KARIN SANDER

17 March - 29 April 2001 i8 Gallery
Overview

Karin Sander, who has shown widely throughout the world, is among the preeminent artists of her generation.  Her recent body of work, involving small human figures standing on pedestals, challenges just about every aspect of what has traditionally constituted figurative sculpture.  Sander’s figures are not made by hand at all and reveal nothing of the her own touch or subjectivity. Instead, they are made by an advanced technological process of 3-D photographic body-scanning in the one machine in Germany that does this sort of thing, usually for the fashion industry, leading to a computerised, layer by layer construction (fused deposition modeling, to be precise) in ABS plastic, a commercial acrylic, and finally an application of precise, airbrushed color by a technician.

 

Sander has so far invited friends, associates, and virtual strangers to be scanned, and the results are intensely—also eerily— human, right down to the nuances of expressions, creases in clothes, postures, eye color, and hairdos.  It is like looking not at miniature sculptures but at miniaturised people, usually shrunk to a scale of 1:10, although Sander has also experimented with different sizes.

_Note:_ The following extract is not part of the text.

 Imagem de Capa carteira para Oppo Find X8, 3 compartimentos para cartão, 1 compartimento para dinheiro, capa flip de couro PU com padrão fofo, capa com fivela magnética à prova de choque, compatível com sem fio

All the big and tiny details of the body are there, but then so too are pronounced high tech traces, like a slight blurring of the features, arising from how photographic images are sent through the computer and then brought back to the acrylic, and the ridges of the uniform, circular layers from which the figures are comprised.  While Sander has completely dispensed with traditional notions of craft or a personal touch with tools and materials, her figures remain enormously sculptural and visually engaging:  just not via hands-on effort in the studio, but through a seamless integration of photography, computers, mechanical production, and industrial collaboration.